*TASK STATEMENT*. Copy the data below verbatim, leaving no line out.

(DATASET RECORDS Opens)

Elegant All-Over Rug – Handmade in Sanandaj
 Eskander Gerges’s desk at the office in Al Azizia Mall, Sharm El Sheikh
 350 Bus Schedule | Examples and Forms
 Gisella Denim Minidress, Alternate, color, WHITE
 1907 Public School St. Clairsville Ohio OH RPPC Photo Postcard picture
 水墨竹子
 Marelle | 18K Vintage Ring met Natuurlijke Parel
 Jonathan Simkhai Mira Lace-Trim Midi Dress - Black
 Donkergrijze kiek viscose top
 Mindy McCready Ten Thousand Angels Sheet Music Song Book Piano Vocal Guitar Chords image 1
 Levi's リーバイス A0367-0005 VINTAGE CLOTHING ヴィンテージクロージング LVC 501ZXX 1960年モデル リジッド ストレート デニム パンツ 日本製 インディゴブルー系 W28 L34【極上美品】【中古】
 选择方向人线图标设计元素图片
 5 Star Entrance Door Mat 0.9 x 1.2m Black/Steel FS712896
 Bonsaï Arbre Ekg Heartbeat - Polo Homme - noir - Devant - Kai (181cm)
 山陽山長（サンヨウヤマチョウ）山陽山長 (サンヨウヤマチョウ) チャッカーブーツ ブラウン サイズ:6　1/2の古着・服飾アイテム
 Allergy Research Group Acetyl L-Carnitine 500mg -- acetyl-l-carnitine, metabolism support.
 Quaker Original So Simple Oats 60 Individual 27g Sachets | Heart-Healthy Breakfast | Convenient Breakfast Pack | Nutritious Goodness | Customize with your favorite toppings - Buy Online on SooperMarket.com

(DATASET RECORDS Closes)

*FINISHED EXERCISE*.
Elegant All-Over Rug – Handmade in Sanandaj
 Eskander Gerges’s desk at the office in Al Azizia Mall, Sharm El Sheikh
 350 Bus Schedule | Examples and Forms
 Gisella Denim Minidress, Alternate, color, WHITE
 1907 Public School St. Clairsville Ohio OH RPPC Photo Postcard picture
 水墨竹子
 Marelle | 18K Vintage Ring met Natuurlijke Parel
 Jonathan Simkhai Mira Lace-Trim Midi Dress - Black
 Donkergrijze kiek viscose top
 Mindy McCready Ten Thousand Angels Sheet Music Song Book Piano Vocal Guitar Chords image 1
 Levi's リーバイス A0367-0005 VINTAGE CLOTHING ヴィンテージクロージング LVC 501ZXX 1960年モデル リジッド ストレート デニム パンツ 日本製 インディゴブルー系 W28 L34【極上美品】【中古】
 选择方向人线图标设计元素图片
 5 Star Entrance Door Mat 0.9 x 1.2m Black/Steel FS712896
 Bonsaï Arbre Ekg Heartbeat - Polo Homme - noir - Devant - Kai (181cm)
 山陽山長（サンヨウヤマチョウ）山陽山長 (サンヨウヤマチョウ) チャッカーブーツ ブラウン サイズ:6　1/2の古着・服飾アイテム
 Allergy Research Group Acetyl L-Carnitine 500mg -- acetyl-l-carnitine, metabolism support.
 Quaker Original So Simple Oats 60 Individual 27g Sachets | Heart-Healthy Breakfast | Convenient Breakfast Pack | Nutritious Goodness | Customize with your favorite toppings - Buy Online on SooperMarket.com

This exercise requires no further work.